The 2006 Yogyakarta earthquake which badly damaged nearby Prambanan, left Borobudur unscathed.
The 2010 eruption of Mount Merapi
Borobudur was heavily affected by the eruption of Mount Merapi in October and November 2010. Volcanic ash from Merapi fell on the temple complex, which is approximately 28 km (17.5 mi) west-southwest of the crater. During the strong eruption of 3-5 November for example, a layer of ash up to 2.5 cm (1 in) thick fell onto the temple. This also killed nearby vegetation. Experts feared that the acidic ash might severely damage the historic site. The temple complex was closed from 5-9 November 2010 to clean up that ash-fall, and the upper levels remained closed to the public until late September 2011. Upon reopening the upper levels, the Borobudur Conservation Agency announced that visitor numbers to those levels were restricted to under 82 people.
UNESCO donated US$3 million as a part of rehabilitation costs to rid the temple's stones of volcanic sediment, then to plant trees to stabilise temperatures, and finally to support the living conditions of local residents. More than 55,000 stone blocks from the temple structure had to be dismantled to enable restoration of the drainage system, which had been clogged by slurry after rains. This restoration programme is predicted to be finished in November 2011.

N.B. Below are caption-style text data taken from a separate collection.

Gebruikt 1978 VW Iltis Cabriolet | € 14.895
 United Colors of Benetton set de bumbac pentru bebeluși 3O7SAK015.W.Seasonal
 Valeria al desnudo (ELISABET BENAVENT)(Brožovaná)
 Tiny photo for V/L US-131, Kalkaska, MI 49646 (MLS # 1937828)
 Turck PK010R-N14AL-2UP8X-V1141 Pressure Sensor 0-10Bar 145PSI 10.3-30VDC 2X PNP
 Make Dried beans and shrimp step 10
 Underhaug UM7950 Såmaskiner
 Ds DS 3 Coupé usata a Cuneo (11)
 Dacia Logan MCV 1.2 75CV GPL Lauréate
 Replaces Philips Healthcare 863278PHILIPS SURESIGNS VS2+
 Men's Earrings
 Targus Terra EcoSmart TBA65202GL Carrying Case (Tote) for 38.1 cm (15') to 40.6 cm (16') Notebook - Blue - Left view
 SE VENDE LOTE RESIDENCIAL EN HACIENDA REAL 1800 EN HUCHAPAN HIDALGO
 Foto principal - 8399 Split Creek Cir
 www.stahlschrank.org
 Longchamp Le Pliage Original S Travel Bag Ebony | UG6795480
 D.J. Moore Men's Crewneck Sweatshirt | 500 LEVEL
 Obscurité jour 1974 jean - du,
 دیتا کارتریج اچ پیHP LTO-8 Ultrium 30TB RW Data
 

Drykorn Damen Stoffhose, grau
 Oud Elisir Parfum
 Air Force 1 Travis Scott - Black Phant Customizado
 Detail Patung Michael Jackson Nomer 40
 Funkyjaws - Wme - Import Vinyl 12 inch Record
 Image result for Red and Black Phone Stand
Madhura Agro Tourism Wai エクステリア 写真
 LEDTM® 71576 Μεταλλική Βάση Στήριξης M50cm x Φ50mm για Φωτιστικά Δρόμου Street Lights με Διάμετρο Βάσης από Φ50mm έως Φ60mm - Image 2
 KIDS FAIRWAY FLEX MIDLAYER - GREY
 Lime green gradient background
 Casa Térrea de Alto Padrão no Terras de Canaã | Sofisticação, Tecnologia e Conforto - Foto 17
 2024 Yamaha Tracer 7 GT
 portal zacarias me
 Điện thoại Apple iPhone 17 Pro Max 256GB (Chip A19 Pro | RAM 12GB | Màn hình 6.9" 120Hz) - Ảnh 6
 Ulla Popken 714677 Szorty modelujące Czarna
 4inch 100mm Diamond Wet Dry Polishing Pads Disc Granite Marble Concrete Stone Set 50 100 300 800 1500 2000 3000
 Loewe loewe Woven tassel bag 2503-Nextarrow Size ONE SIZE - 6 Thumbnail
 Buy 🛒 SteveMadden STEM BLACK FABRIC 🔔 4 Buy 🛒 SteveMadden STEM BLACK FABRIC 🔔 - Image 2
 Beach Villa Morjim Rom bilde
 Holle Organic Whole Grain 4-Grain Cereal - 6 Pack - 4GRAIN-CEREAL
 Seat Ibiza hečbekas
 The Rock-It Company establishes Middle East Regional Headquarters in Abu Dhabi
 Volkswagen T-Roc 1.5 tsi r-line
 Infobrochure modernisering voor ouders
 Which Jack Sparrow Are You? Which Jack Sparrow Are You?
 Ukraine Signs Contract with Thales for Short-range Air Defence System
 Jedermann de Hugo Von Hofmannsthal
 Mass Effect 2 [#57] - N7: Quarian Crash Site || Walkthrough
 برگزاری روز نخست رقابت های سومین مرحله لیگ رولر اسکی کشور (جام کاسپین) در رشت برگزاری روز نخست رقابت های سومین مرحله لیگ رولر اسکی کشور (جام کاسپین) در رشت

Borobudur lies in the Kedu Plain - a very fertile volcanic plain between the twin volcanoes of Mount Sumbing and Mount Sundoro to the west, and Mount Merbabu and Mount Merapi to the east.
- PT Taman Wisata Candi Borobudur Prambanan Ratu Boko, Borobudur Temple Unit Office, Jl Badrawati, Borobudur, ☎ , e-mail: firstname.lastname@example.org. 6AM-6PM daily. The official government park authority for Borobudur.
The nearest larger airports are Yogyakarta's Adisucipto International Airport (IATA: JOG) and Solo's Adisumarmo International Airport (IATA: SOC). Both are well connected domestically, and also offer some international connections to Singapore and Kuala Lumpur. AirAsia for example flies from Singapore to Yogyakarta daily.
It is possible, if one rushes oneself a bit, to visit Borobudur on a day trip from Bali or Jakarta. One can also fly direct to Semarang's Achmad Yani International Airport (IATA: SRG) with Batavia Air  from Singapore and with Air Asia  from Singapore and Kuala Lumpur, and make your way to Borobudur from there (2-3 hours by road).
The public buses to Borobudur from Yogyakarta are aimed mostly at Indonesian visitors, and only a few tourists venture aboard. If you are adventurous though, the Trans-Jogya service runs from central Yogyakarta to Jombor bus terminal in northern Yogyakarta, bus 2B/2A (Rp 3,000), where you can change to another bus to get to Borobudur. It takes about 60-90 minutes, and should cost around Rp 10,000-15,000 one way, but bargain with the bus staff to get a good price.
Buses run regularly from Magelang to Borobudur via Muntilan and are widely advertised there. The journey time is about 1 hour.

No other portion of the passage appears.